To factor the polynomial   P(x) = x⁴ + 9x³ + 17x² – 9x – 18 follow these steps: 1. Find a root by testing small integers. Try x = 1:   P(1) = 1 + 9 + 17 – 9 – 18 = 0 Since P(1) = 0, (x – 1) is a factor. 2. Divide P(x) by (x – 1).

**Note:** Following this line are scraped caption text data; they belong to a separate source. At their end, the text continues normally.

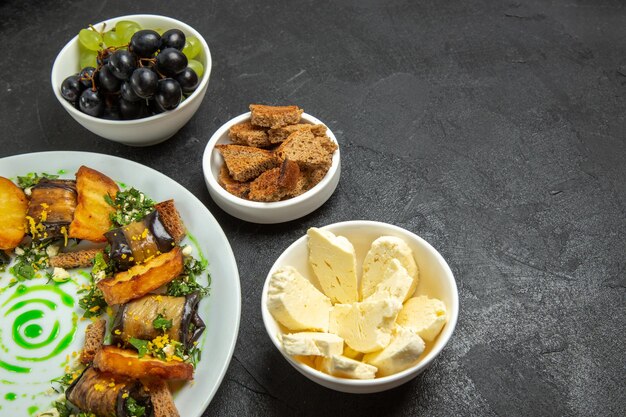 Front view fresh mellow grapes with white cheese eggplant rolls and sliced bread on dark background meal food dish milk fruits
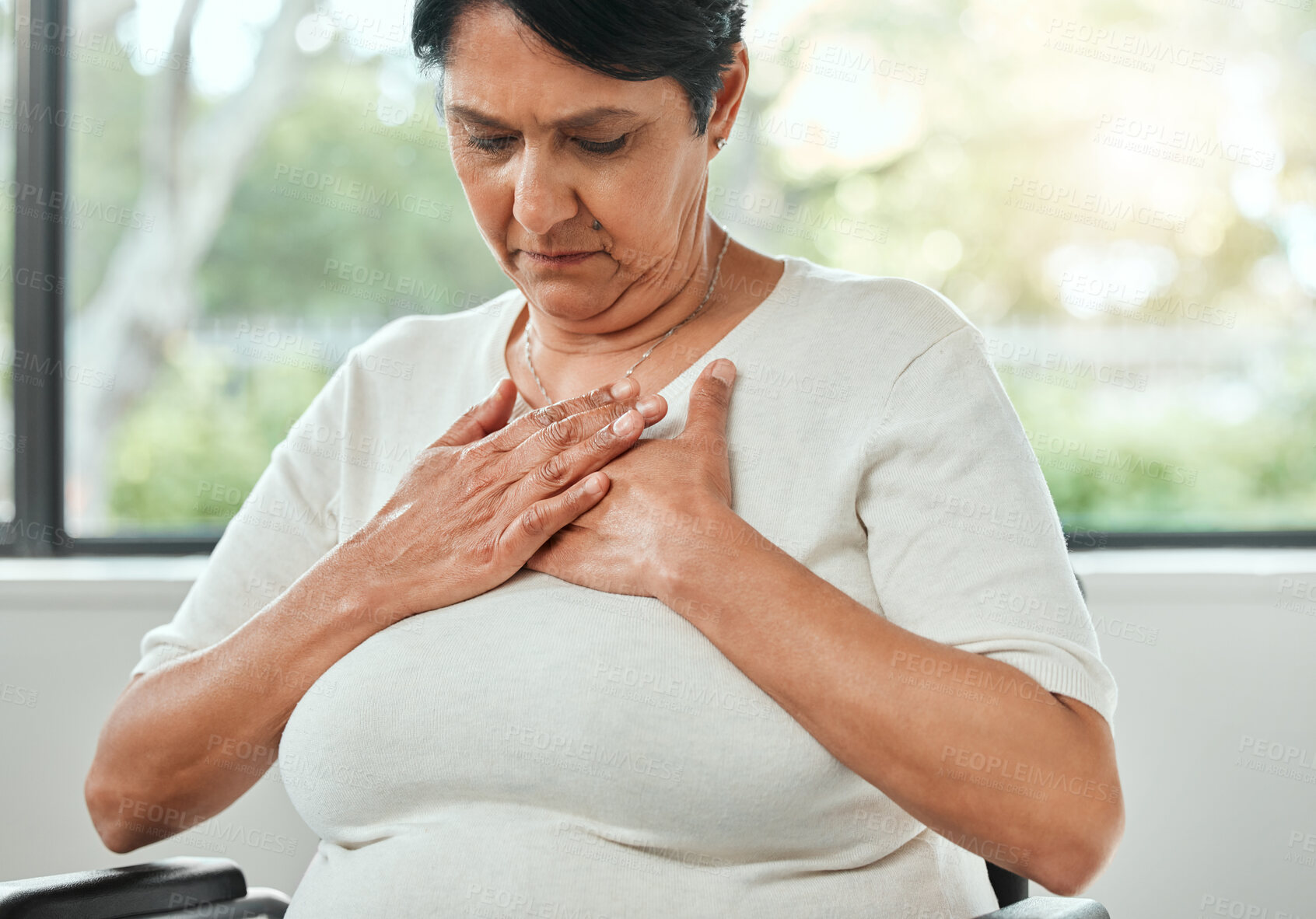 Buy stock photo Home, chest pain and senior woman with disability for heart attack, breathing problem and anxiety. House, wheelchair and elderly person in retirement with asthma, cardiac arrest and medical emergency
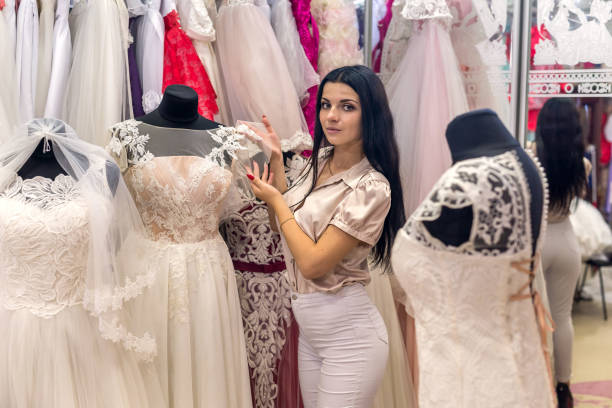 istock Beautiful bride choosing wedding dress in salon 1032600138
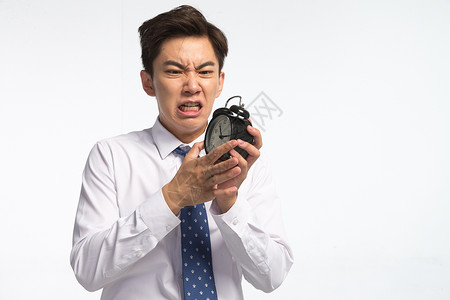 摄像机标志健康的生气仅成年人商务青年男人拿着闹钟背景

Using synthetic division with coefficients 1, 9, 17, –9, –18:   • Bring down 1.   • Multiply 1 by 1 and add to 9 to get 10.   • Multiply 10 by 1 and add to 17 to get 27.   • Multiply 27 by 1 and add to –9 to get 18.   • Multiply 18 by 1 and add to –18 to get 0. The quotient is x³ + 10x² + 27x + 18. 3. Factor the cubic quotient: x³ + 10x² + 27x + 18. Test x = –1:   (–1)³ + 10(–1)² + 27(–1) + 18 = –1 + 10 – 27 + 18 = 0 So, (x + 1) is a factor. Using synthetic division for the cubic with root –1 (coefficients: 1, 10, 27, 18):   • Bring down 1.   • Multiply 1 by –1 and add to 10 to get 9.   • Multiply 9 by –1 and add to 27 to get 18.   • Multiply 18 by –1 and add to 18 to get 0. The quadratic quotient is x² + 9x + 18. 4. Factor the quadratic: x² + 9x + 18 factors as (x + 3)(x + 6) because 3 + 6 = 9 and 3 · 6 = 18. 5. Combine all factors:   P(x) = (x – 1)(x + 1)(x + 3)(x + 6). Thus, the factored form of the polynomial is:   P(x) = (x – 1)(x + 1)(x + 3)(x + 6).